(EXERCISE DIRECTIONS) Each line below from the one containing "Chanel Milk Quilted" through the one containing "Budapest V. kerület" is to be given again exactly, and no line outside that span.

[Short text fragments from websites]
###

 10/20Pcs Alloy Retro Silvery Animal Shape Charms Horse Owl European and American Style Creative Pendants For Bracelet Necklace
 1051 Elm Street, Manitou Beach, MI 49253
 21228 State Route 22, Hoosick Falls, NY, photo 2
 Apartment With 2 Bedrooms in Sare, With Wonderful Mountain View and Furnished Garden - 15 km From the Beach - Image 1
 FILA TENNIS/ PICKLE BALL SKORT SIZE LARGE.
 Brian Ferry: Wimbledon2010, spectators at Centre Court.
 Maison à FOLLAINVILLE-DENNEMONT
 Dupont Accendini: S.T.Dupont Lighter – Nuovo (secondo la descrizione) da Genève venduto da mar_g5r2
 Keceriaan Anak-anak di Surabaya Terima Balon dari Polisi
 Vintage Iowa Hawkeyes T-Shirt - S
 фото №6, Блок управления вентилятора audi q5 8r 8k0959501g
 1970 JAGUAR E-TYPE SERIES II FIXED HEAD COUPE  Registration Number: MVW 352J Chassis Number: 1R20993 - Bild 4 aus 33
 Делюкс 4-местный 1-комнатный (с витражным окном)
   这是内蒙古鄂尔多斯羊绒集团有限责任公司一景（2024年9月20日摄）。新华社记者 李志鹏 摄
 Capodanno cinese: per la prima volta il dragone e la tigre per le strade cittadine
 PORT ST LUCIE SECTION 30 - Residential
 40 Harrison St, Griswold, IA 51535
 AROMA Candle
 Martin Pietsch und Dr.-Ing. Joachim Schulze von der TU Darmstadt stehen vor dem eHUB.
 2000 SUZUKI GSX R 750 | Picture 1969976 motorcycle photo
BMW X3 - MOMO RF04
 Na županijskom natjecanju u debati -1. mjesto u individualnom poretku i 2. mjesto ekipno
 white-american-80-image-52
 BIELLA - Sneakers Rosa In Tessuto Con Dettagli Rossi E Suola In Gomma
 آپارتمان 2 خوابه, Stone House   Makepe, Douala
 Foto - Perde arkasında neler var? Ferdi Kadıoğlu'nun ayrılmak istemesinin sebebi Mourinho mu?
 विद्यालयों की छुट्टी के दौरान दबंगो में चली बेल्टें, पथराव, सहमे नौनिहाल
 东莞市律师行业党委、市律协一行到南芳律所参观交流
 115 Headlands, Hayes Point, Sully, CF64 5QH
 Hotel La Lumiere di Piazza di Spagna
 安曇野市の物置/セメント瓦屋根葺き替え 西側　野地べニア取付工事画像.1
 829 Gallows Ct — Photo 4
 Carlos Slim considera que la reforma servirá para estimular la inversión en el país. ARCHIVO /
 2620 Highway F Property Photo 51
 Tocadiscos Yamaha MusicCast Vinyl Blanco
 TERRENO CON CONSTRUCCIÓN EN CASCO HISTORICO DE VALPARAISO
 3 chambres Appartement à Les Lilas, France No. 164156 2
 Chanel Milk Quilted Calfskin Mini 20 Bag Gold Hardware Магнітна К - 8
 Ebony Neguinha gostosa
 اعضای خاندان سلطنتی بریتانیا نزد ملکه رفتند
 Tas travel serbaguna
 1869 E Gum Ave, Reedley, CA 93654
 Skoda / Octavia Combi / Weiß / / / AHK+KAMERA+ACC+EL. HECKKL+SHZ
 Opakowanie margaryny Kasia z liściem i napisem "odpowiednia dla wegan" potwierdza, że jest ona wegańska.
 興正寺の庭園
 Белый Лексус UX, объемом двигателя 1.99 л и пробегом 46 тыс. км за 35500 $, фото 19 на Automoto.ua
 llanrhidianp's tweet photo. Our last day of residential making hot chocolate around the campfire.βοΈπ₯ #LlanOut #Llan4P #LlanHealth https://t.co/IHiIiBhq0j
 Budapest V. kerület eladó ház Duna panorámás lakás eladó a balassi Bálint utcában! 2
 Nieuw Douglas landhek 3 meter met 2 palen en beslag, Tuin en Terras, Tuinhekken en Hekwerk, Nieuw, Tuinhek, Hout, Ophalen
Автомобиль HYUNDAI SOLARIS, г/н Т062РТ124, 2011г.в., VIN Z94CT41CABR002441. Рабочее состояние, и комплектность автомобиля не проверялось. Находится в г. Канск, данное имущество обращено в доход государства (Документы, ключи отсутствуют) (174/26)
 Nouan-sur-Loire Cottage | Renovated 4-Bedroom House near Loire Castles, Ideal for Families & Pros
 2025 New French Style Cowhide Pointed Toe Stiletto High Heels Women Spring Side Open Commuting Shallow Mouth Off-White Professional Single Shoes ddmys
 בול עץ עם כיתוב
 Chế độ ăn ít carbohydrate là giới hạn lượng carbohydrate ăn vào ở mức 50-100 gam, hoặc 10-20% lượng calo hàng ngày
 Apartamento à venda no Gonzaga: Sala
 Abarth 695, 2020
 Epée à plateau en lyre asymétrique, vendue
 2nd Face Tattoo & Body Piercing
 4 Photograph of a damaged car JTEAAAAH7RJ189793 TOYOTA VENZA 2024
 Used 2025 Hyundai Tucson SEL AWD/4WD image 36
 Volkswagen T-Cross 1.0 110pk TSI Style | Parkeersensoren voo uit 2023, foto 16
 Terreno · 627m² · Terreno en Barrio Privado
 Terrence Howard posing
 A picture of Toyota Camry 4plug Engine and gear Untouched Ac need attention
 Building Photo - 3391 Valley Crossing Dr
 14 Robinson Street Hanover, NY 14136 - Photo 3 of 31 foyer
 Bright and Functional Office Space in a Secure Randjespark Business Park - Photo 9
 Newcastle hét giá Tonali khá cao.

###

(OUTPUT FOR THIS EXERCISE)
 Chanel Milk Quilted Calfskin Mini 20 Bag Gold Hardware Магнітна К - 8
 Ebony Neguinha gostosa
 اعضای خاندان سلطنتی بریتانیا نزد ملکه رفتند
 Tas travel serbaguna
 1869 E Gum Ave, Reedley, CA 93654
 Skoda / Octavia Combi / Weiß / / / AHK+KAMERA+ACC+EL. HECKKL+SHZ
 Opakowanie margaryny Kasia z liściem i napisem "odpowiednia dla wegan" potwierdza, że jest ona wegańska.
 興正寺の庭園
 Белый Лексус UX, объемом двигателя 1.99 л и пробегом 46 тыс. км за 35500 $, фото 19 на Automoto.ua
 llanrhidianp's tweet photo. Our last day of residential making hot chocolate around the campfire.βοΈπ₯ #LlanOut #Llan4P #LlanHealth https://t.co/IHiIiBhq0j
 Budapest V. kerület eladó ház Duna panorámás lakás eladó a balassi Bálint utcában! 2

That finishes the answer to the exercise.